Cory Sandhagen lands a flying knee to knock out Frankie Edgar in their bantamweight fight during the UFC Fight Night event at UFC APEX on February 06, 2021 in Las Vegas, Nevada. (Photo by Chris Unger/Zuffa LLC)
Cory Sandhagen lands a flying knee to knock out Frankie Edgar in their bantamweight fight during the UFC Fight Night event at UFC APEX on February 06, 2021 in Las Vegas, Nevada. (Photo by Chris Unger/Zuffa LLC)

The two wins were crucial in Sandhagen’s unlocking of what he has called a “crash state.” After suffering a first-round submission loss to Aljamain Sterling at UFC 250, Sandhagen reevaluated his approach to fights, changed his walkout song back to The Notorious B.I.G.’s “Gimme the Loot” and figured out how to put himself in the right mindset to compete.

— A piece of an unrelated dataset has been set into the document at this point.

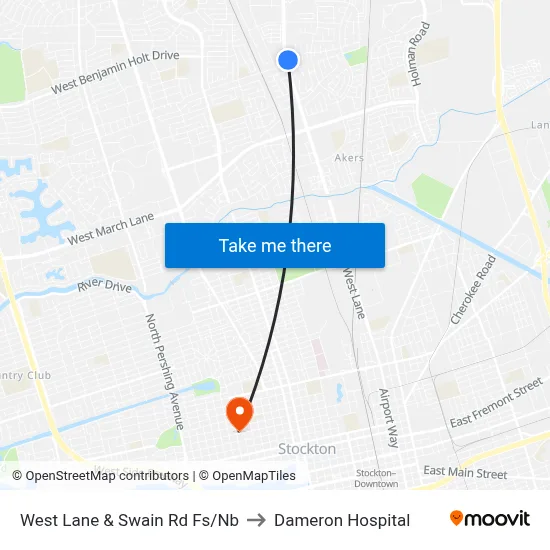 West Lane & Swain Rd Fs/Nb to Dameron Hospital map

“I think I got to prove to myself – which is the most important person to prove things to – that I can put myself in a killer, competitor headspace,” he said. “It’s like a law in competition that if you go in and you have a high will to win, if you’ve decided on that day that you really want to go out there and you really want to win, you’re going to do better. The days that you don’t really care, you’re not going to do very well.”

Embracing a win-at-all-costs attitude helped Sandhagen find that proverbial switch, and the results have backed that notion up. 

He gives a lot of credit to his coaches and teammates at Elevation Fight Team, especially his cornermen Christian Allen and Carrington Banks. As a whole, they help cultivate the competitiveness, bringing that attitude to any sort of competition whether it’s spikeball, dodgeball or video games. 

“Not a lot of people, I don’t think, value greatness that highly, which is completely OK,” Sandhagen said. “There’s nothing wrong with that, but being in a room full of guys where you can connect in your highest values is something really special, and the fact that I see them every single day, I care about them a lot. Like, I care about them a lot. I probably get more nervous for their fights than I do for mine, at times. Those guys are my brothers.”

It’s been a shift evident even in his walkouts, which seem much more intense as of late. The energy isn’t manic, but rather focused. Dillashaw acknowledged as much, saying the biggest change he sees in Sandhagen since their days training together is the 29-year-old’s confidence. 

Of course, mentality and confidence only take one so far. Elite skills are required, too, and that’s always been there for Sandhagen. The combining of the two has played out for everyone to see during his eight-fight career in the UFC, and as he makes the final walk of the night on July 24, he knows he is able to put it all together, defeat Dillashaw and earn himself a clear shot at UFC gold.

“I think I’ve done a really good job of channeling the energy inside of me and not being afraid of all of the pressure that comes with really wanting something, and really wanting to win, and just being comfortable with that amount of pressure and knowing the consequences if it doesn’t work out, how that can play out emotionally,” Sandhagen said. “That would kill me, and just being OK with all of those things has really helped me embrace the all-or-nothing type of attitude where I’m giving my entire life to this thing. 

“I’m giving my entire life to become a world champion. I’m not afraid of that anymore.”